== What this task involves ==
Below is a listing with pictures in it. Copy it exactly without them.

== Supplied data ==

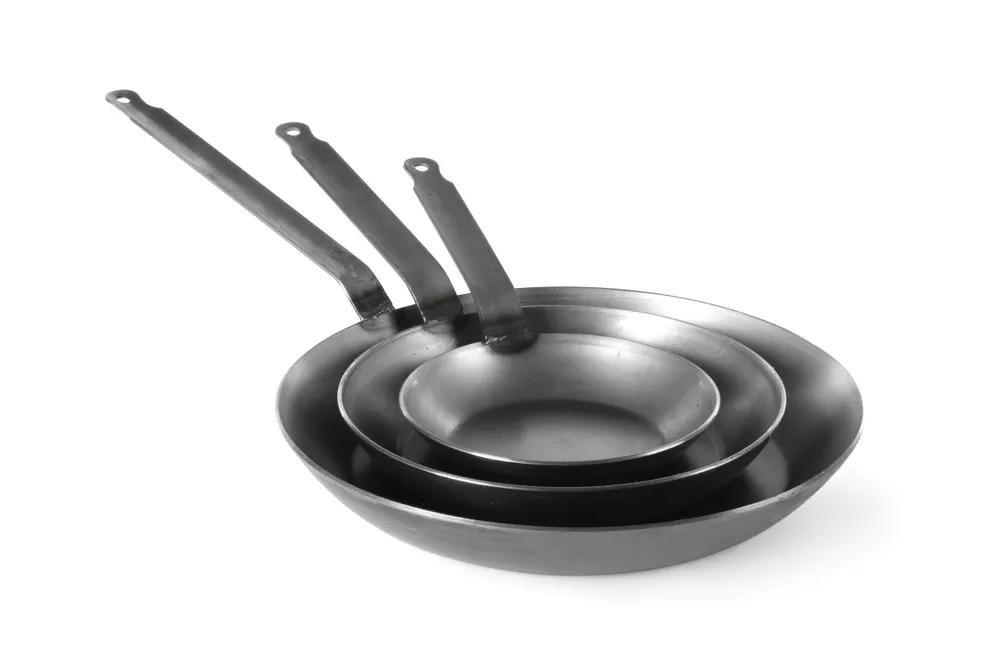 Vis Frying pan, HENDI, ⌀300x(H)50mm, bilde 2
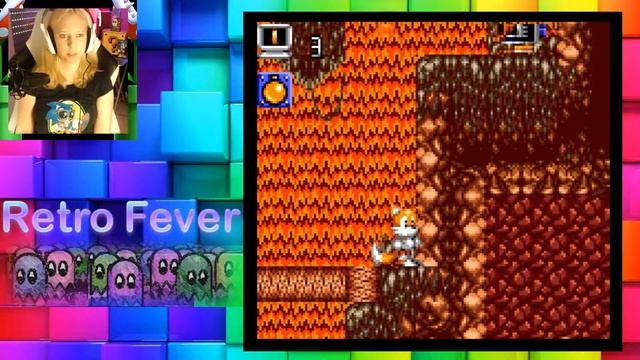 Retro Fever # 27 - Tails Adventure (Game Gear) смотреть онлайн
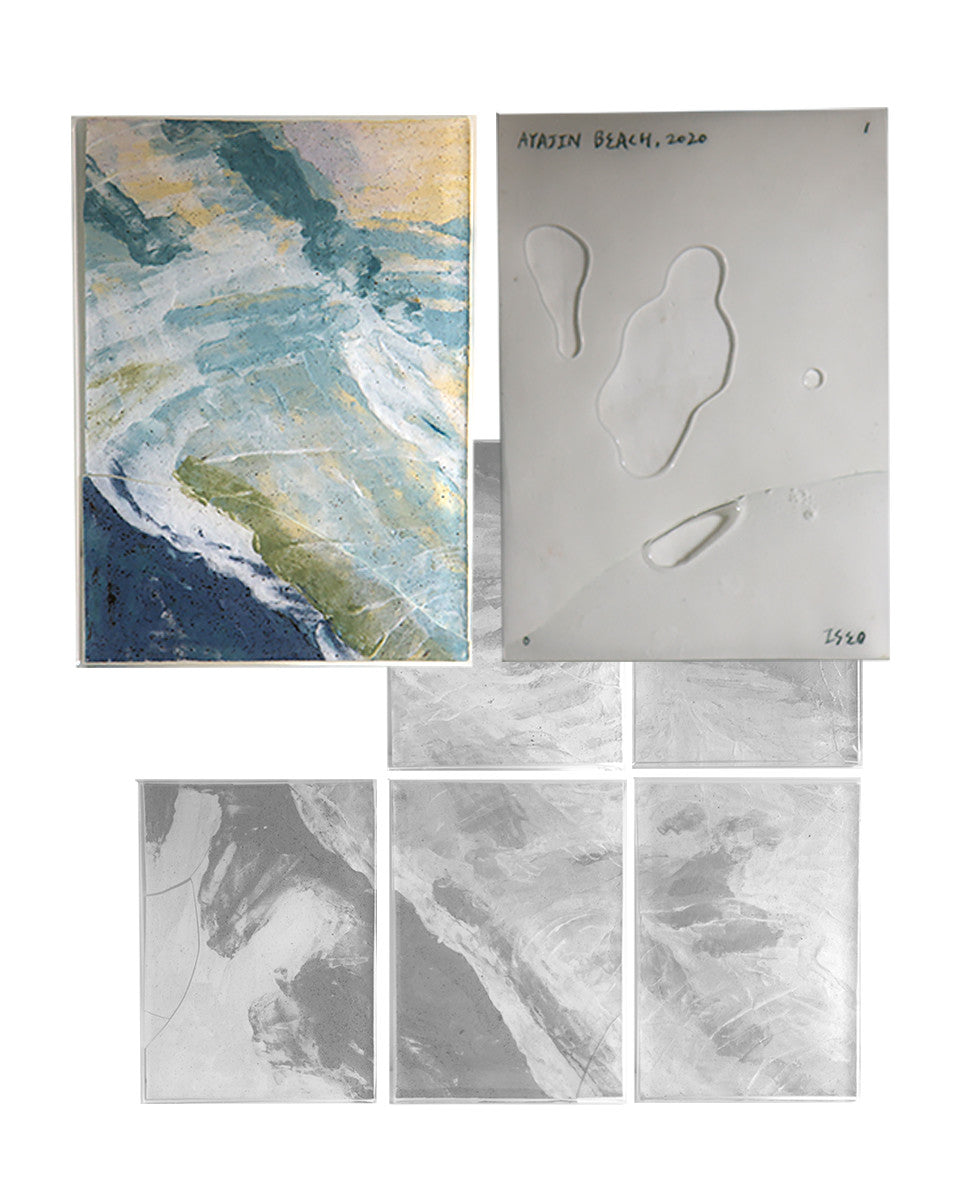 Fragilelog, 아야진 해변 vol.02 - Iseo Heo 허이서 - CAVA LIFE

== Task response ==
 Vis Frying pan, HENDI, ⌀300x(H)50mm, bilde 2
 Retro Fever # 27 - Tails Adventure (Game Gear) смотреть онлайн
 Fragilelog, 아야진 해변 vol.02 - Iseo Heo 허이서 - CAVA LIFE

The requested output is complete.